=== DATASET ===
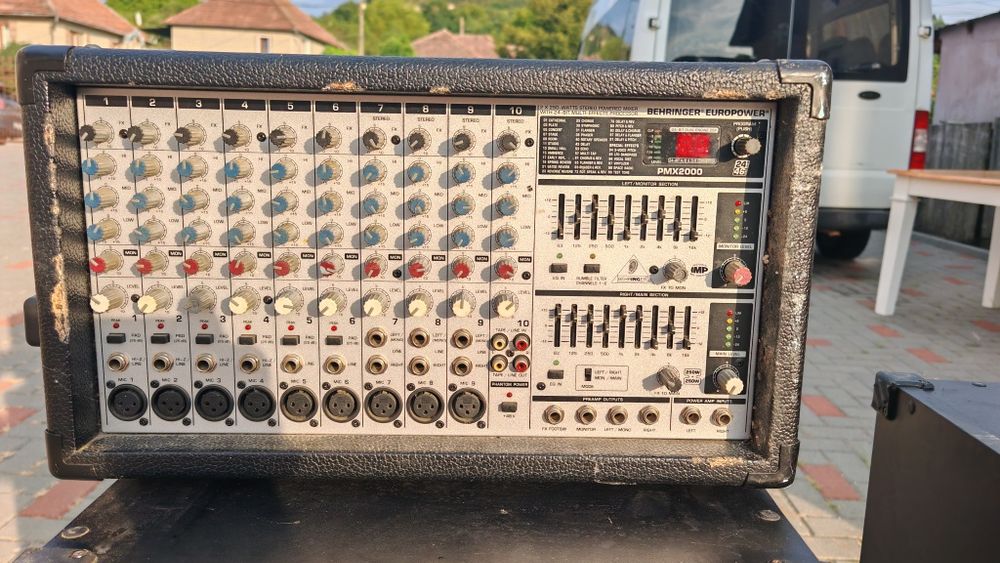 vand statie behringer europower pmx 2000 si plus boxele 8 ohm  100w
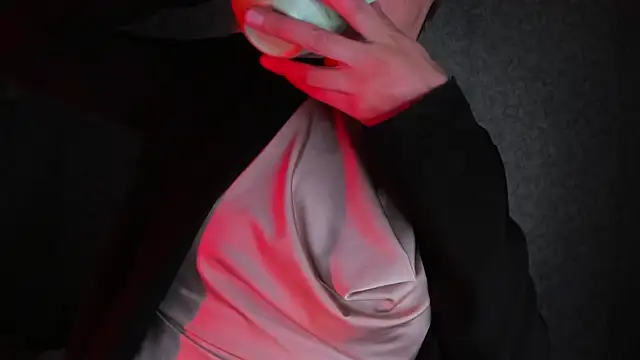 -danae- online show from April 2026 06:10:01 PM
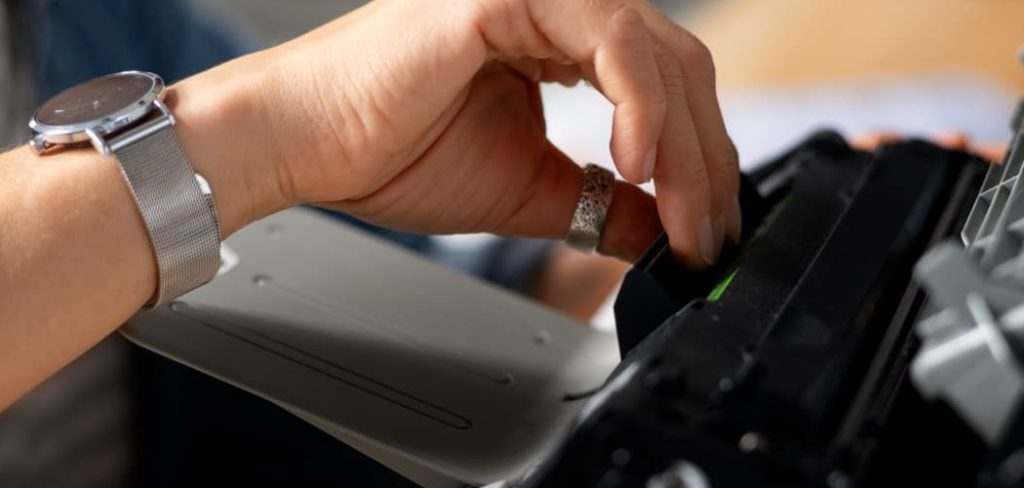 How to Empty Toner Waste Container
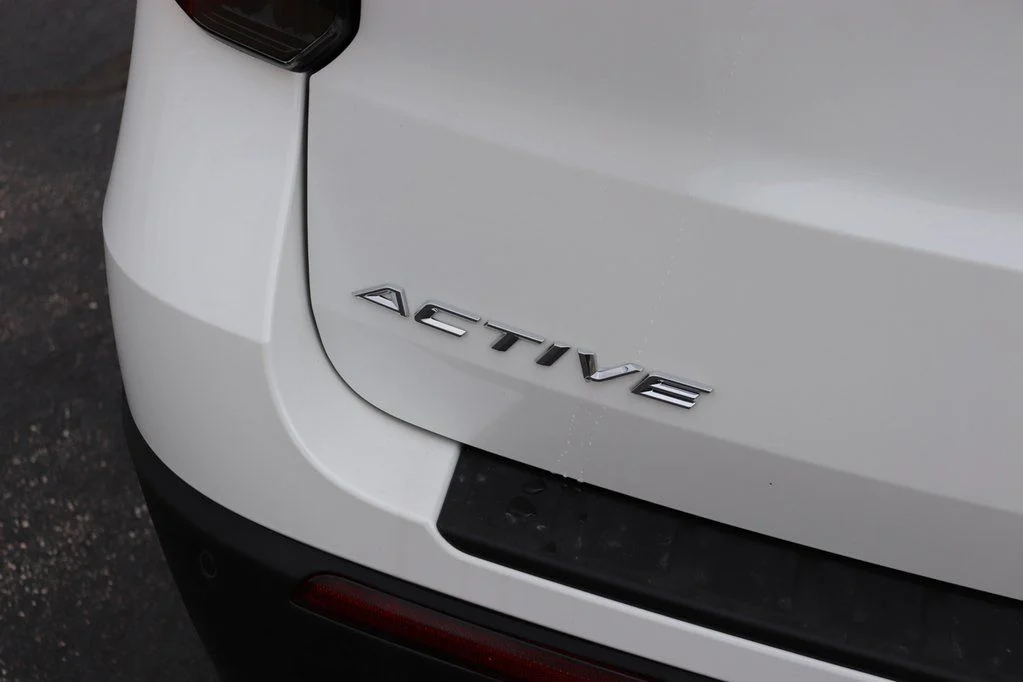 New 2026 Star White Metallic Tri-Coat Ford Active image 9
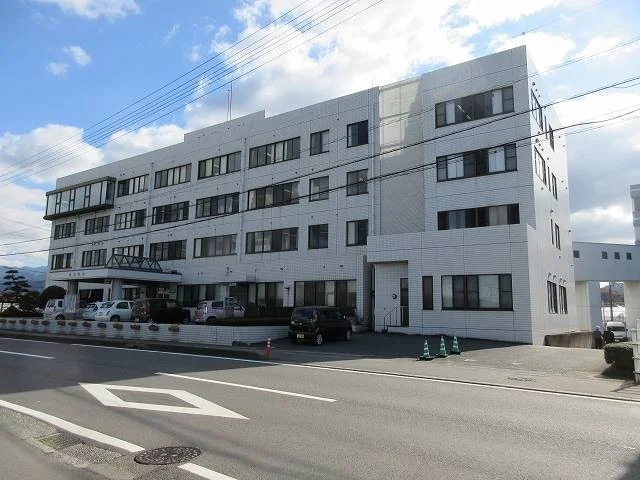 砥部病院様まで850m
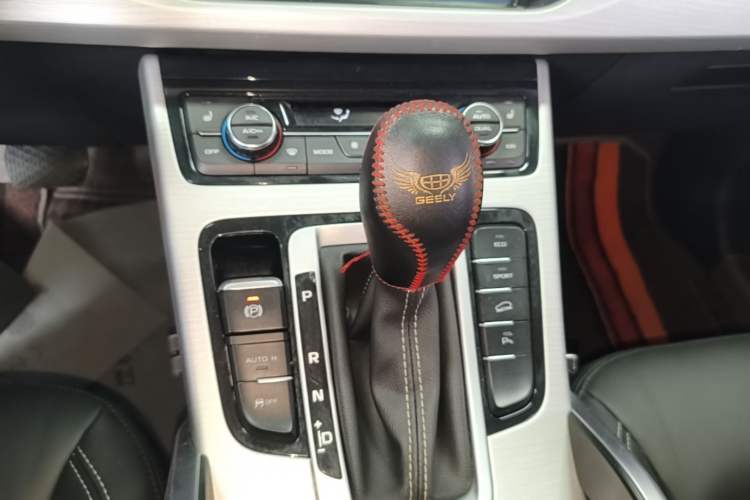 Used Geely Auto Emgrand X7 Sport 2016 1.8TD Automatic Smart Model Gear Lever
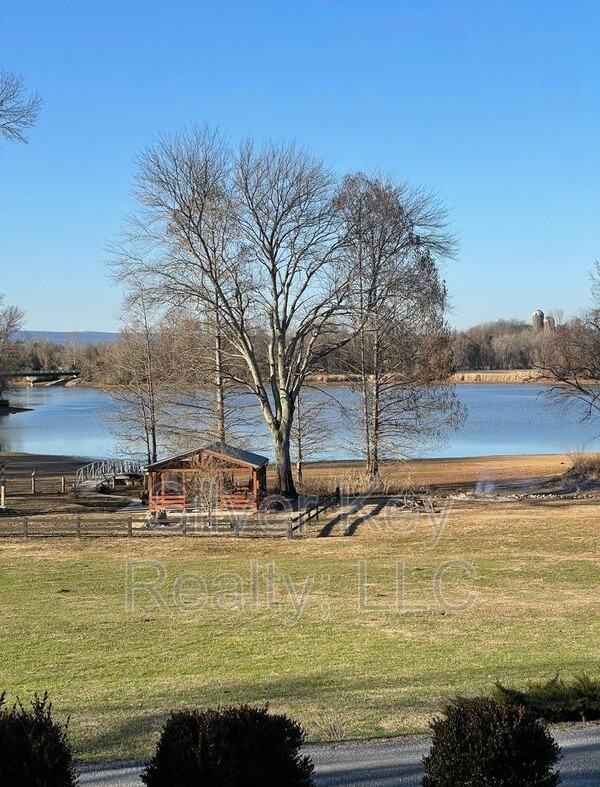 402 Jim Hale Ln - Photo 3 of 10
===
* **WORK TO BE COMPLETED**:
Please reproduce the entries from above exactly; images are not part of the copy.

* **RESPONSE FOR THIS EXERCISE**:
 vand statie behringer europower pmx 2000 si plus boxele 8 ohm  100w
 -danae- online show from April 2026 06:10:01 PM
 How to Empty Toner Waste Container
 New 2026 Star White Metallic Tri-Coat Ford Active image 9
 砥部病院様まで850m
 Used Geely Auto Emgrand X7 Sport 2016 1.8TD Automatic Smart Model Gear Lever
 402 Jim Hale Ln - Photo 3 of 10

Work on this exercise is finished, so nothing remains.